Use the following command to run TF2 EfficientDet engine generation:

tao deploy efficientdet_tf2 gen_trt_engine -e /path/to/spec.yaml \
           export.onnx_path=/path/to/onnx/file \
           export.trt_engine=/path/to/engine/file \
           export.tensorrt.data_type=<data_type>

Required Arguments#

  • -e, --experiment_spec: The experiment spec file to set up the TensorRT engine generation. This should be the same as the export specification file.

Optional Arguments#

  • -h, --help: Show this help message and exit.

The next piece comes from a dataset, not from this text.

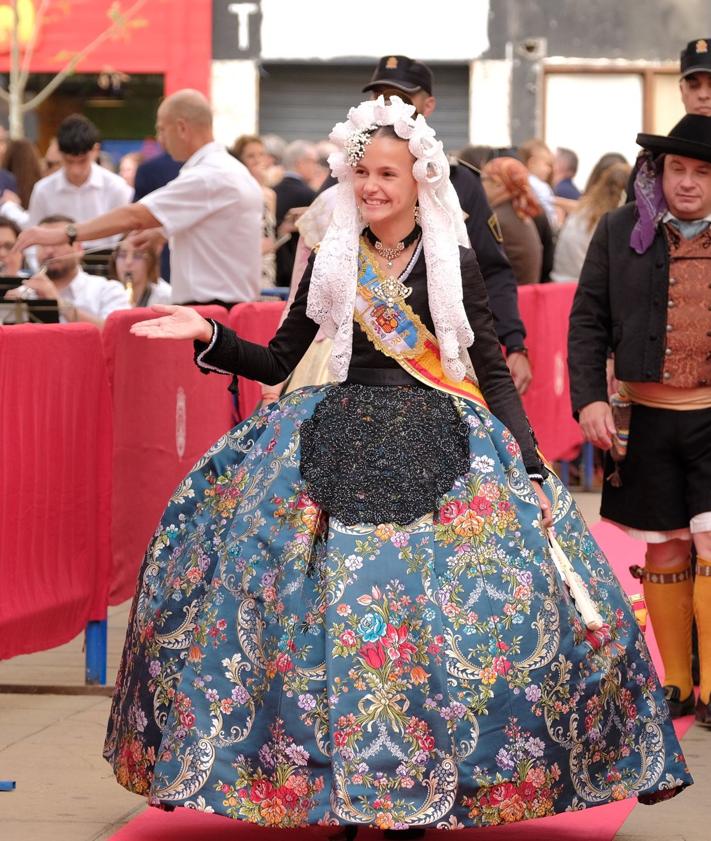 Imagen secundaria 2 - Paseíllo de las belleas del foc de Alicante y sus dames d'honor.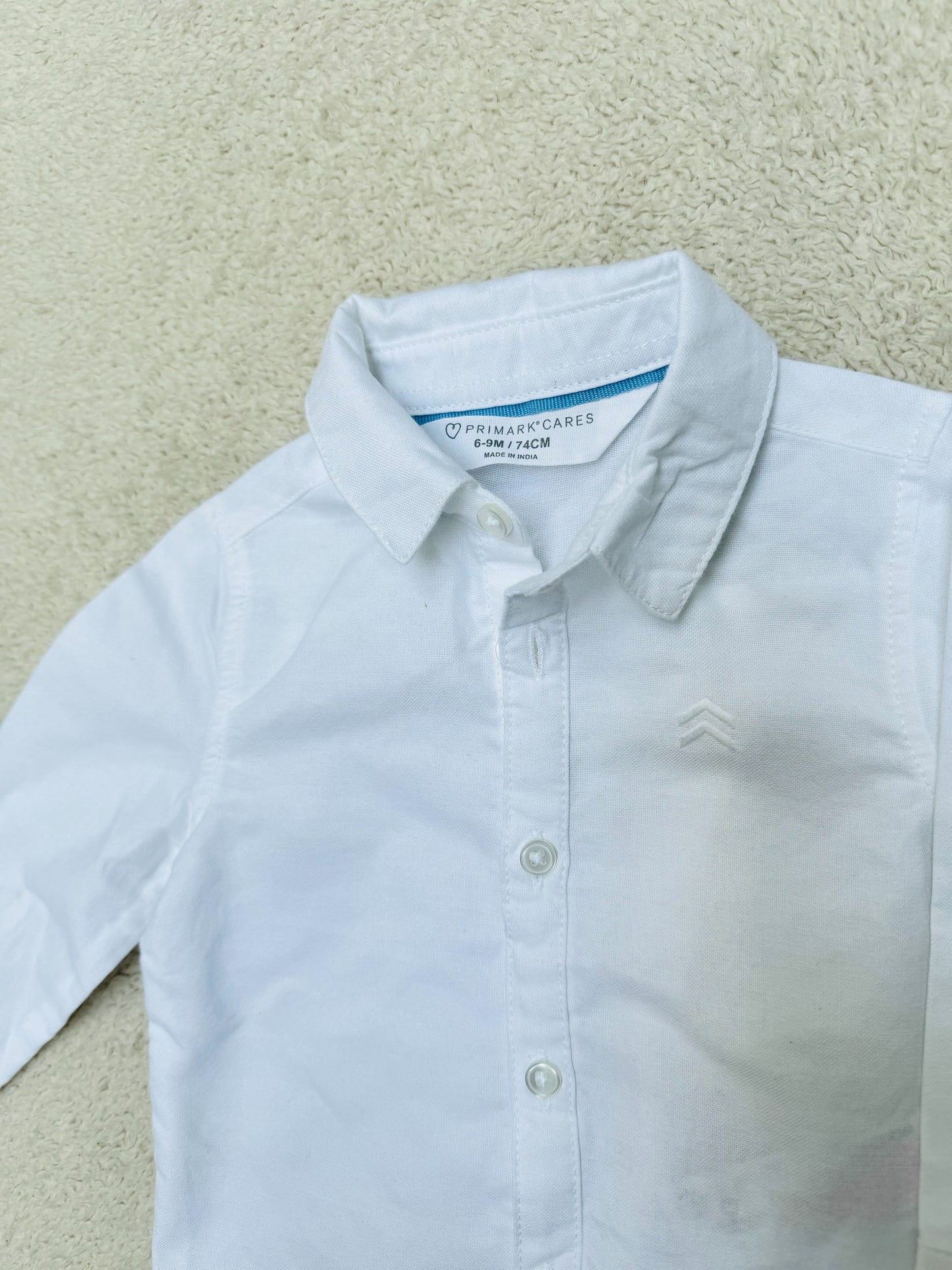 Full sleeves shirt white textured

  • results_dir: A global result directory where the experiment outputs and log would be written under <task> subdirectory.

Sample Usage#

Here’s an example of using the gen_trt_engine command to generate INT8 TensorRT engine:

tao deploy efficientdet_tf2 gen_trt_engine -e $DEFAULT_SPEC
           export.onnx_path=$ETLT_FILE \
           export.trt_engine=$ENGINE_FILE \
           export.tensorrt.data_type=fp16

Running Evaluation through TensorRT Engine#

Same spec file as TAO evaluation spec file.

Use the following command to run TF2 EfficientDet engine evaluation:

tao deploy efficientdet_tf2 evaluate -e /path/to/spec.yaml

Required Arguments#

  • -e, --experiment_spec: The experiment spec file for evaluation. This should be the same as the tao evaluate specification file.

Optional Arguments#

  • -h, --help: Show this help message and exit.

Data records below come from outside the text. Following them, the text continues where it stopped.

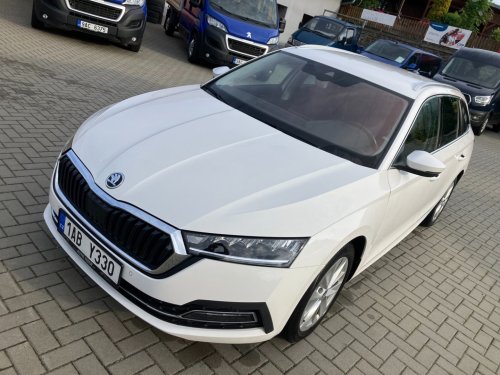 skoda-octavia-2-0tdi-style-nehavarovane-2024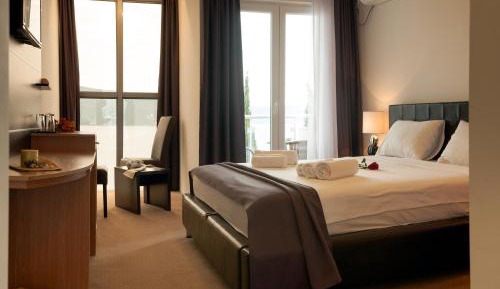 Double Room with Balcony and Sea View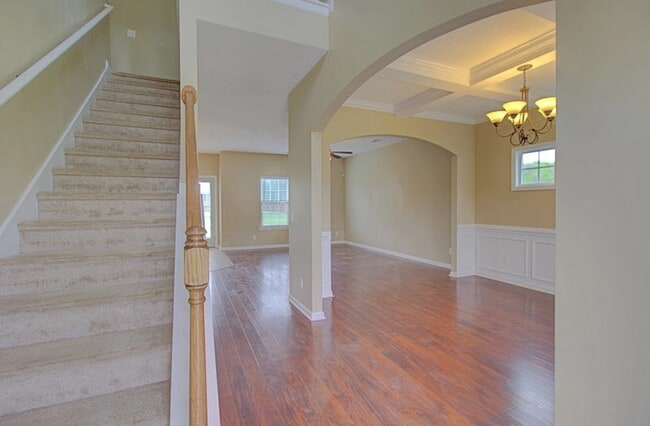 Building Photo - 935 Mustang Ln NE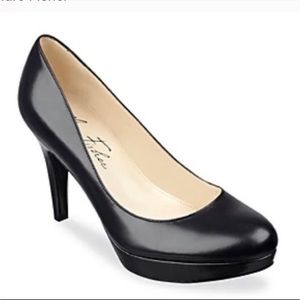 Marc Fisher Sydney Black Leather Platform Pumps - 8 M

  • results_dir: A global result directory where the experiment outputs and log would be written under <task> subdirectory.

Sample Usage#

Here’s an example of using the evaluate command to run evaluation with the TensorRT engine:

tao deploy efficientdet_tf2 evaluate -e $DEFAULT_SPEC
           evaluate.trt_engine=$ENGINE_FILE \
           evaluate.results_dir=$RESULTS_DIR

Running Inference through TensorRT Engine#

Same spec file as TAO inference spec file.

Use the following command to run TF2 EfficientDet engine inference:

tao deploy efficientdet_tf2 inference -e /path/to/spec.yaml \
           inference.trt_engine=/path/to/engine/file \
           inference.results_dir=/path/to/outputs

Required Arguments#

  • -e, --experiment_spec: The experiment spec file for inference. This should be the same as the tao inference specification file.

Optional Arguments#

  • -h, --help: Show this help message and exit.

  • results_dir: A global result directory where the experiment outputs and log would be written under <task> subdirectory.

Sample Usage#

Here’s an example of using the inference command to run inference with the TensorRT engine:

tao deploy efficientdet_tf2 inference -e $DEFAULT_SPEC
           inference.trt_engine=$ENGINE_FILE \
           inference.results_dir=$RESULTS_DIR

The visualization will be stored under $RESULTS_DIR/images_annotated and KITTI format predictions will be stored under $RESULTS_DIR/labels.